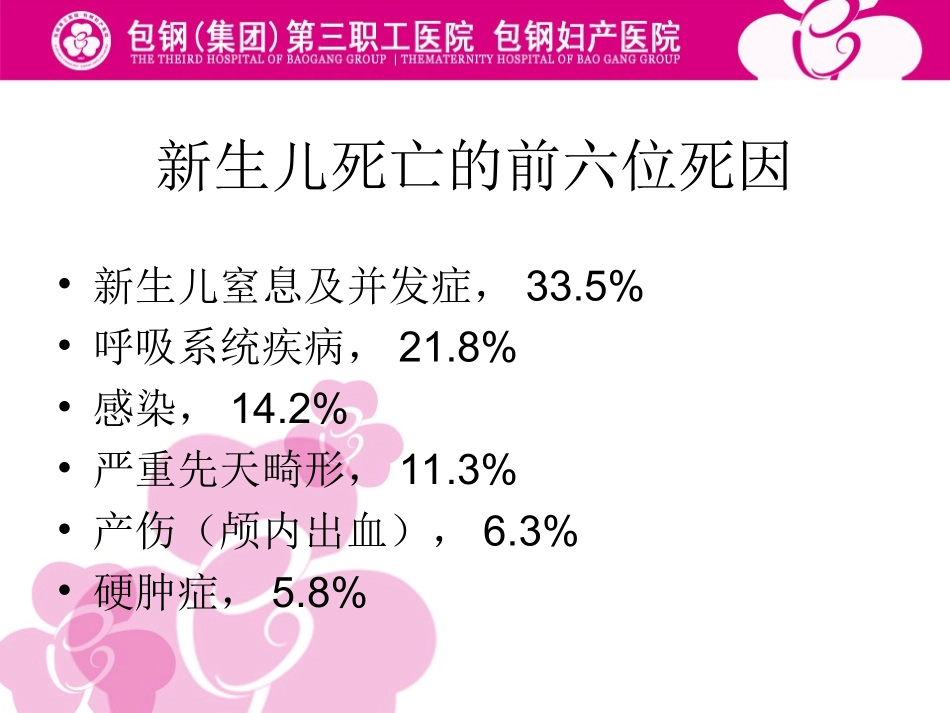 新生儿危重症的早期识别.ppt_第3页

--

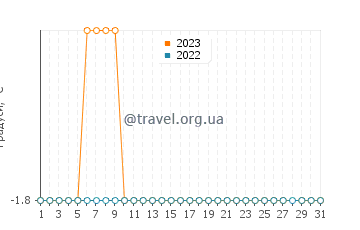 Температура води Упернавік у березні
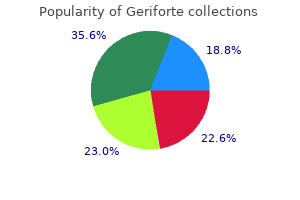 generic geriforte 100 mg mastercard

**TASK TO COMPLETE:**
Taking the entries above, extract every line from the one bearing "Температура води Упернавік у березні" through the one bearing "generic geriforte 100 mg mastercard", exactly, with no pictures.

**TASK ANSWER:**
 Температура води Упернавік у березні
 generic geriforte 100 mg mastercard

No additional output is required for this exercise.